■ **Dataset records**
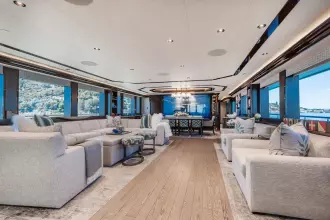 130' Westport (FIGARO) Main Salon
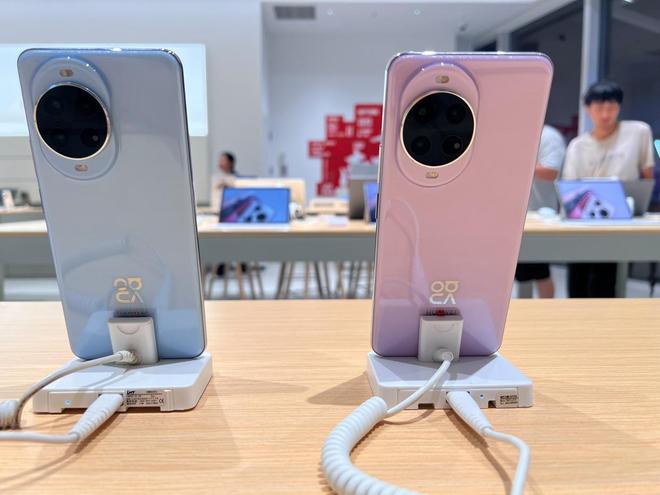 全系标配双向北斗卫星通信华为nova15系列详细配置曝光或10月发布(图3)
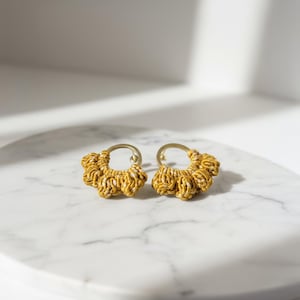 Orecchini A Cerchio Arricciati A Forma Di C Riempiti In Oro 18k: 30 Mm O 35 Mm - Italia - Foto 4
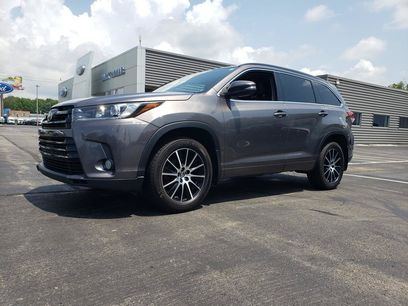 Used 2017 Toyota Highlander SE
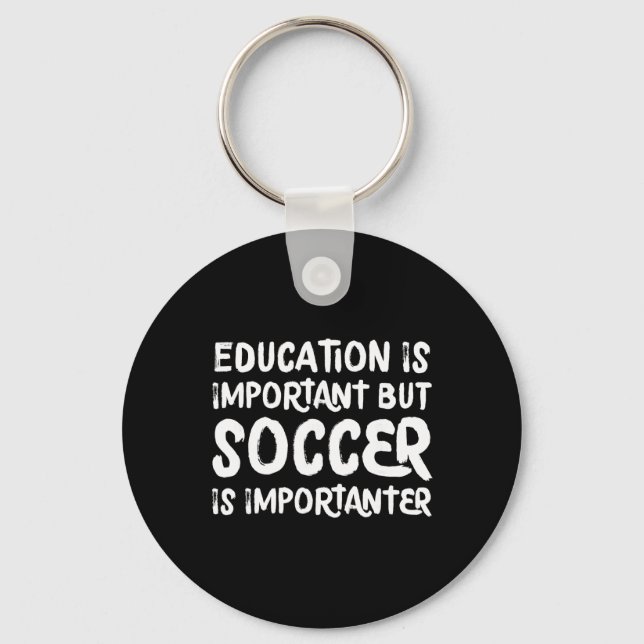 Chaveiro A Educação É Importante Mas Futebol É Mais Importa (Frente)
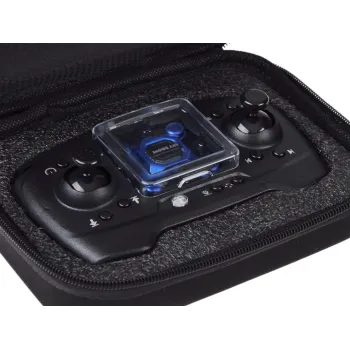 zbliżenie na pilot do zdalnego sterowania dronem rc0656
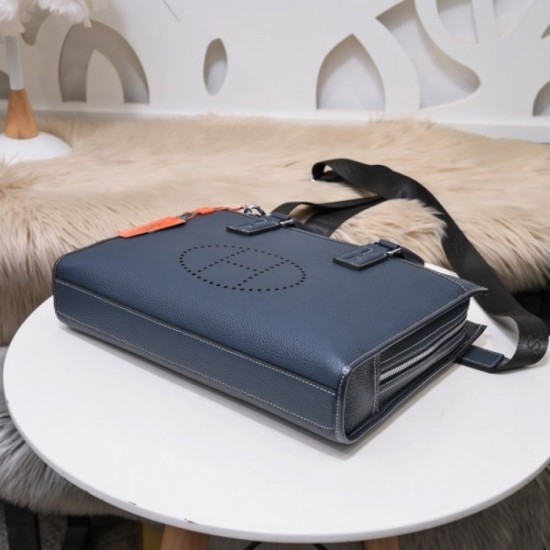 2022SS Men's Briefcase Cooler than it looks HERMES 2022SS Men's Briefcase Cooler than it looks HERMES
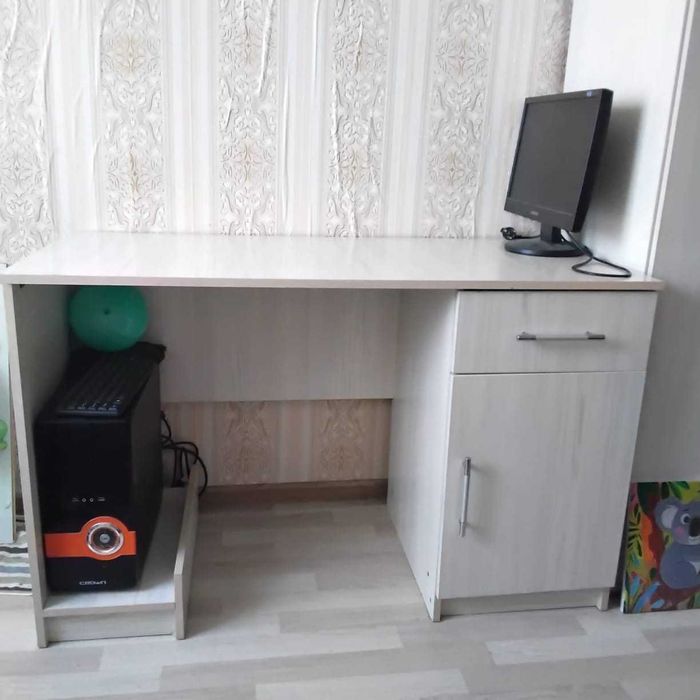 Стол                                          .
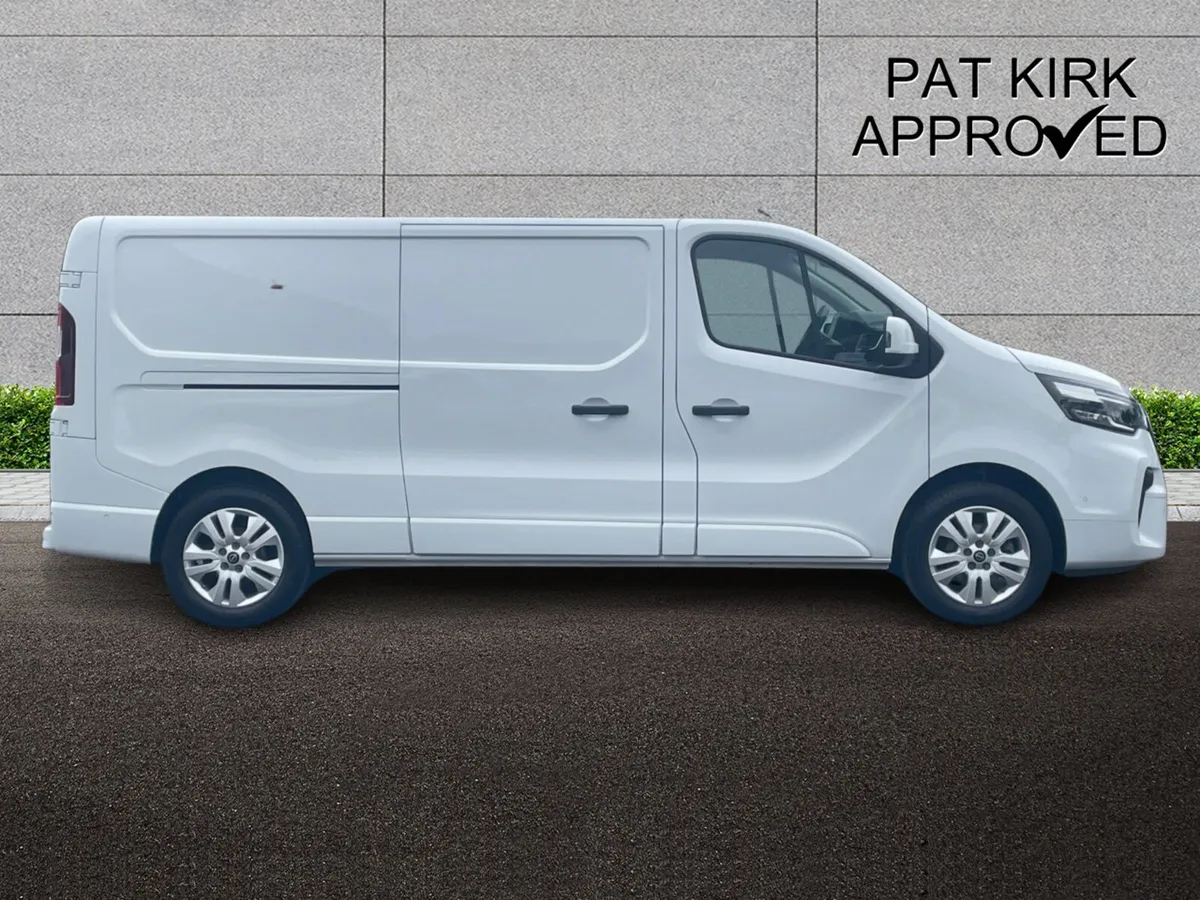 Nissan Primastar 2.0 dCi 150ps H1 Tekna Van - Image 3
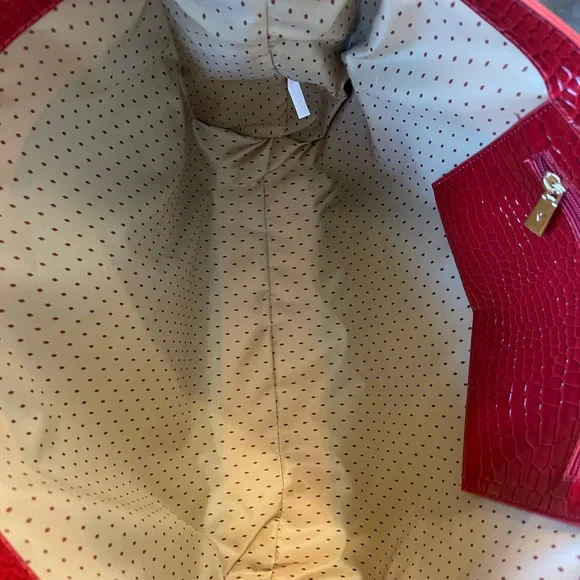 VANESSA WILLIAMS Vibrant Red Croc-Embossed Tote Bag - Picture 14 of 15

■ **Action item**
Leave the pictures out and retype only the lines from the line with "zbliżenie na pilot" through the final line of the material, both ends included, word for word.

■ **Response area**
 zbliżenie na pilot do zdalnego sterowania dronem rc0656
 2022SS Men's Briefcase Cooler than it looks HERMES 2022SS Men's Briefcase Cooler than it looks HERMES
 Стол                                          .
 Nissan Primastar 2.0 dCi 150ps H1 Tekna Van - Image 3
 VANESSA WILLIAMS Vibrant Red Croc-Embossed Tote Bag - Picture 14 of 15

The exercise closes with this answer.